Department of Computer Science, Bharathiar University, Tamilnadu, India.
Sci Rep. 2019 Jul 31;9(1):11106. doi: 10.1038/s41598-019-47468-y.
The accessibility of a huge amount of protein-protein interaction (PPI) data has allowed to do research on biological networks that reveal the structure of a protein complex, pathways and its cellular organization. A key demand in computational biology is to recognize the modular structure of such biological networks. The detection of protein complexes from the PPI network, is one of the most challenging and significant problems in the post-genomic era. In Bioinformatics, the frequently employed approach for clustering the networks is Markov Clustering (MCL). Many of the researches for protein complex detection were done on the static PPI network, which suffers from a few drawbacks. To resolve this problem, this paper proposes an approach to detect the dynamic protein complexes through Markov Clustering based on Elephant Herd Optimization Approach (DMCL-EHO). Initially, the proposed method divides the PPI network into a set of dynamic subnetworks under various time points by combining the gene expression data and secondly, it employs the clustering analysis on every subnetwork using the MCL along with Elephant Herd Optimization approach. The experimental analysis was employed on different PPI network datasets and the proposed method surpasses various existing approaches in terms of accuracy measures. This paper identifies the common protein complexes that are expressively enriched in gold-standard datasets and also the pathway annotations of the detected protein complexes using the KEGG database.
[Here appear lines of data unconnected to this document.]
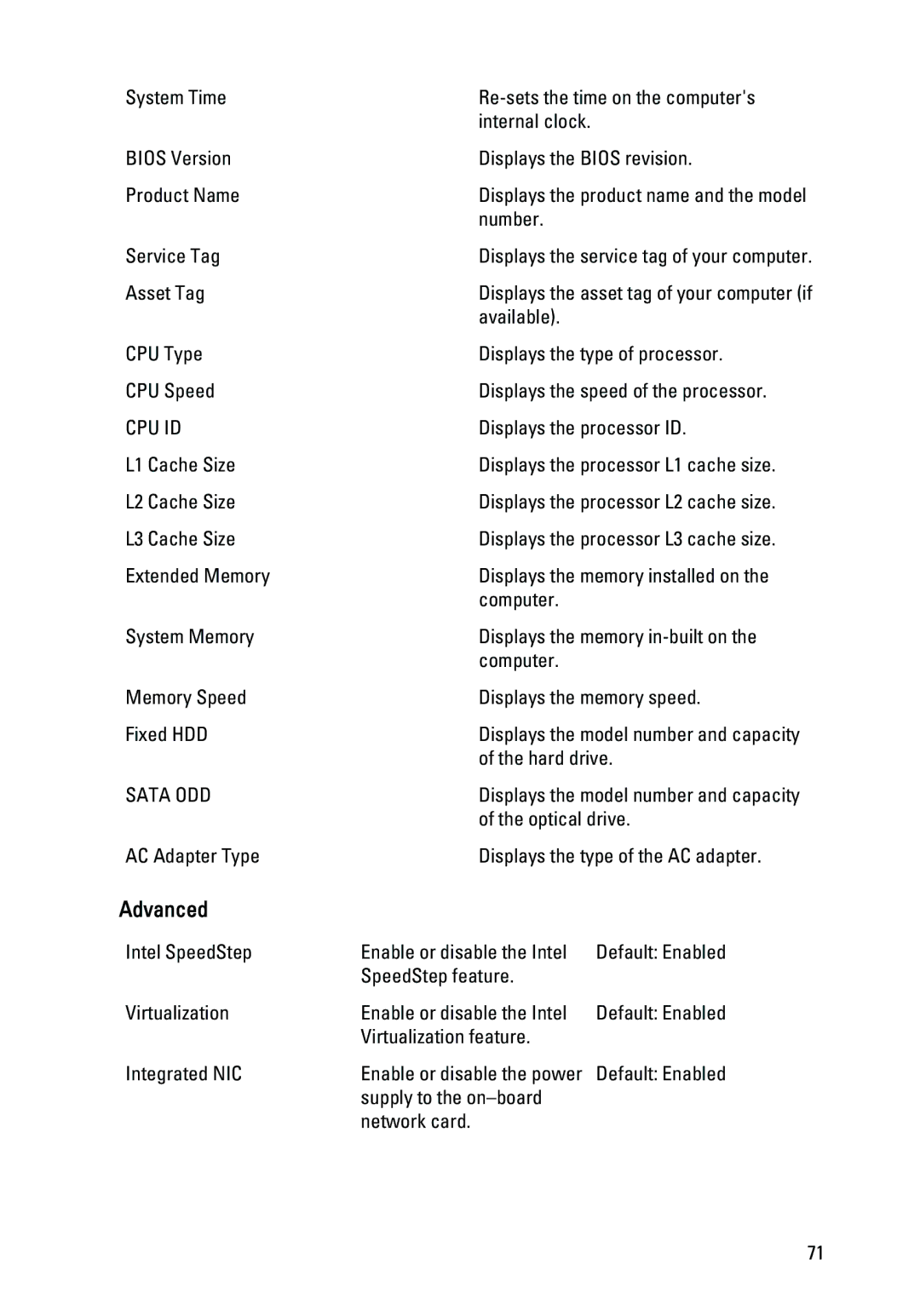 Dell 1440, 1450 owner manual Advanced, Cpu Id 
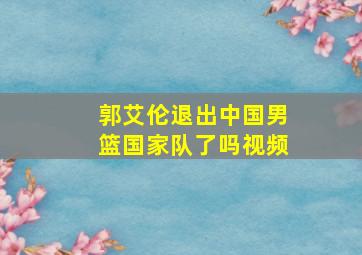 郭艾伦退出中国男篮国家队了吗视频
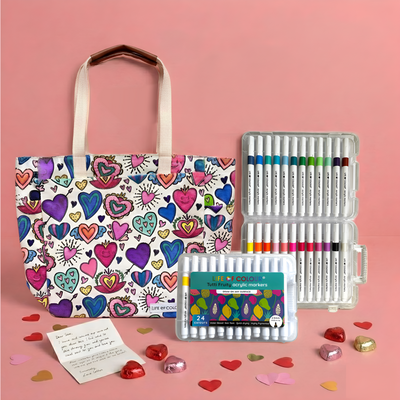 DIY Doodle Bag - Love Hearts Design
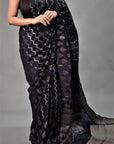 Black Handloom Banarasi Chiniya Silk Saree: House Of Elegance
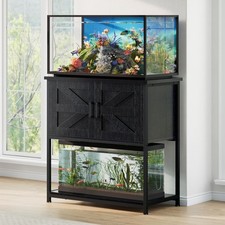 20/29/30 Gallon Fish Tank Stand with Storage Cabinet Farmhouse Wood Aquarium ...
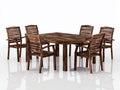 Salon de jardin repas - Bois massif - 180x100x75 cm - Brun foncé - Contemporain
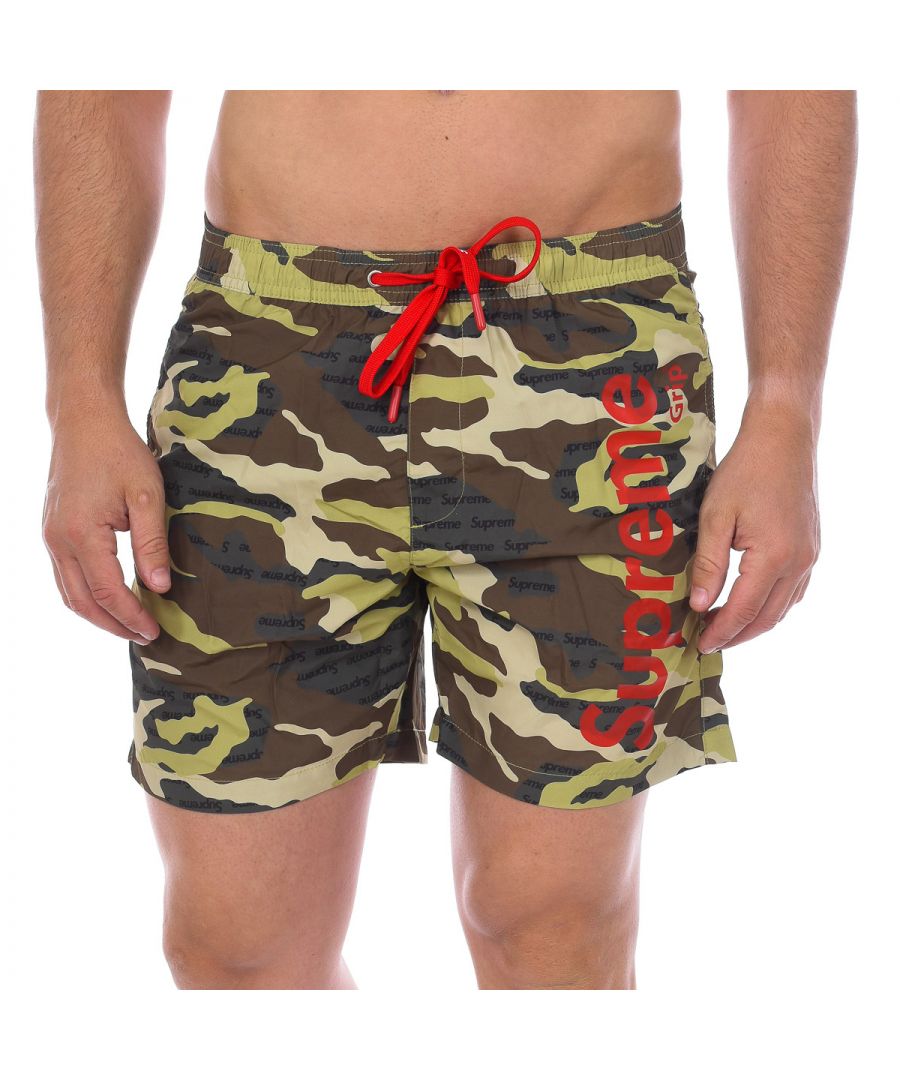 Supreme Mens Camo Print Boxer Swimsuit CM-30067-BP - Multicolour Polyamide - Size X-Small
大量蛋白质-蛋白质相互作用(PPI)数据的可及性使得研究生物网络成为可能,这些网络揭示了蛋白质复合物、途径及其细胞组织的结构。计算生物学的一个关键要求是识别这种生物网络的模块化结构。从 PPI 网络中检测蛋白质复合物是后基因组时代最具挑战性和重要的问题之一。在生物信息学中,经常采用的网络聚类方法是 Markov 聚类(MCL)。许多蛋白质复合物检测的研究都是基于静态 PPI 网络进行的,该网络存在一些缺点。为了解决这个问题,本文提出了一种通过基于大象群优化算法的 Markov 聚类(DMCL-EHO)来检测动态蛋白质复合物的方法。该方法首先通过结合基因表达数据,将 PPI 网络在不同时间点划分为一组动态子网,然后使用 MCL 和大象群优化算法对每个子网进行聚类分析。该方法在不同的 PPI 网络数据集上进行了实验分析,在准确性度量方面优于各种现有方法。本文还使用 KEGG 数据库识别了在金标准数据集中表达丰富的常见蛋白质复合物,以及检测到的蛋白质复合物的途径注释。